S₃ = [(1.02)(1.03)(1.04)]^1/3 - 1 = 2.997%

This can be interpreted to mean that a dollar compounded at 2.997% for three years would produce the same ending value as a dollar that earns compound interest of 2% the first year, 3% the next year, and 4% for the third year.

Question 29

The 2-period spot rate, S₂, is 8% and the current 1-period (spot) rate is 4% (this is both S₁ and ₁f₀). Calculate the forward rate for one period, one period from now, ₁f₁.

Answer 29

(1 + S₂)² = (1 + S₁)(1 + ₁f₁) = (1 + S₂)²/(1 + S₁) - 1 = ₁f₁

or, becuase we know that both choices have the same payoff in two years:

(1.08)² = (1.04)(1 + ₁f₁)

(1 + ₁f₁) = (1.08)²/(1.04)

₁f₁ = (1.08)²/(1.04) - 1 = 1.1664/1.04 = 12.154%

In other words, investors are willing to accept 4.0% on the 1-year bond today (when they could get 8.0% on the 2-year bond today) only because they can get 12.154% on a 1-year bond one year from today. This future rate that can be locked in today is a foward rate.

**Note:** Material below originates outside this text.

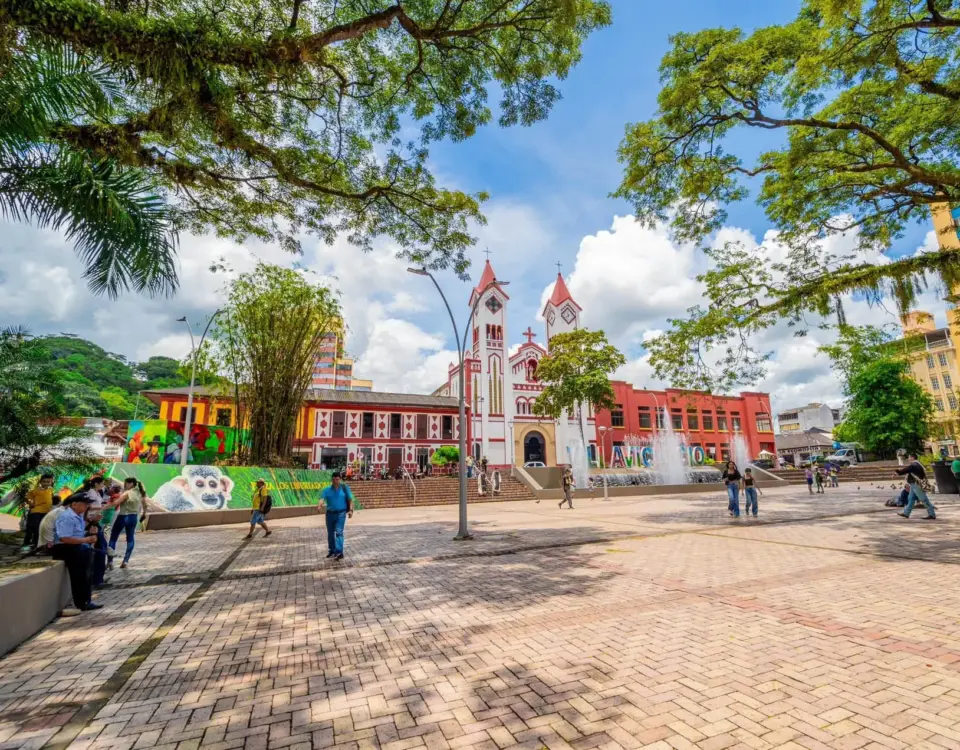 Plaza Los Libertadores, compra tus pasajes de bus de San José del Guaviare a Villavicencio.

Similarily, we can back other forward rates out of the spot rates. We know that:

(1 + S₃)³ = (1 + S₁)(1 + ₁f₁)(1 + ₁f₂)

And that:

(1 + S₂)² = (1 + S₁)(1 + ₁f₁), so we can write (1 + S₃)³ = (1 + S₂)²(1 + ₁f₂)

This last equation says that investing for three years at the 3-year spot rate hsould produce the same ending value as investing for two years at the 2-year spot rate and then for a third year at ₁f₂, the 1-year forward rate, two years from now.

Solving for the forward rate, ₁f₂ we get:

(1 + S₃)³/(1 + S₂)² - 1 = ₁f₂

Question 30

The current 1-year rate (1f0) is 4%, the 1-year forward rate for lending from time = 1 to time = 2 is 1f1 = 5%, and the 1 -year forward rate for lending form time = 2 to time = 3 is 1f2 = 6%. Value a 3-year annual-pay bond with a 5% coupon and a par value of $1,000

Answer 30

bond value = 50/(1 + ₁f₀) + 50/((1+₁f₀)(1+₁f₁)) + 1,050/((1+₁f₀)(1+₁f₁)(1+₁f₂))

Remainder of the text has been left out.